I know rates are dependent on car, age, location, etc. but I was wondering if anyone had any helpful tips/links to share on auto insurance. Wife and I are in our lower 30s, own 3 cars all with over 150,000 miles. I was thinking about shopping around and/or reducing the amount of coverage that we currently have. I did try some of the online "get rates" websites but I didn't find that info too helpful, and I assume its quite generic. Just wondering if anyone has any helpful info/tips before I begin calling around.

Thanks for any help!


----------



## pennstater2005 (Jul 17, 2017)

I found a local independent insurance agent. He sells something like 12 different insurances. My rates improved dramatically. Every 6 months or so I shoot him an email and see if there is anything cheaper regarding auto or home.


----------



## Colonel K0rn (Jul 4, 2017)

Might be a little late, but I was an Auto Damage Adjuster for GEICO prior to retiring, and before being an ADA worked as a CSR in the call center (the person who you talked to when you got into an accident). I am very knowledgeable on the subject of insurance, and would be happy to help you out when it comes to getting some insurance help.
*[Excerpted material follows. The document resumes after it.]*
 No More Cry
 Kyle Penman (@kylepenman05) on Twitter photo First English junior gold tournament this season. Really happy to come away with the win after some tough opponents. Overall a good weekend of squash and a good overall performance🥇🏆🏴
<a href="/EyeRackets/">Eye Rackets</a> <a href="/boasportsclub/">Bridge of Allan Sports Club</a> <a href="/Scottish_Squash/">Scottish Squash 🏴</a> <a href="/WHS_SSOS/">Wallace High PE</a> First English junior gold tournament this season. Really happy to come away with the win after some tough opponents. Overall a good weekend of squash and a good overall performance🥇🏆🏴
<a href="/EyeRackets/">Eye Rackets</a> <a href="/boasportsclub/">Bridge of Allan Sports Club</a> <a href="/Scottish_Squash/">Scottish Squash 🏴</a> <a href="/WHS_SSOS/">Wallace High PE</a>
I've been out of the industry for about 5 years, but still have a lot of info to pass along. What are you trying to attain?


----------



## saifi (18 d ago)

pennstater2005 said:


> I found a local independent insurance agent. He sells something like 12 different insurances. My rates improved dramatically. Every 6 months or so I shoot him an email and see if there is anything cheaper regarding auto or home.


That's interesting, do you still using them to get a cheaper deal?


----------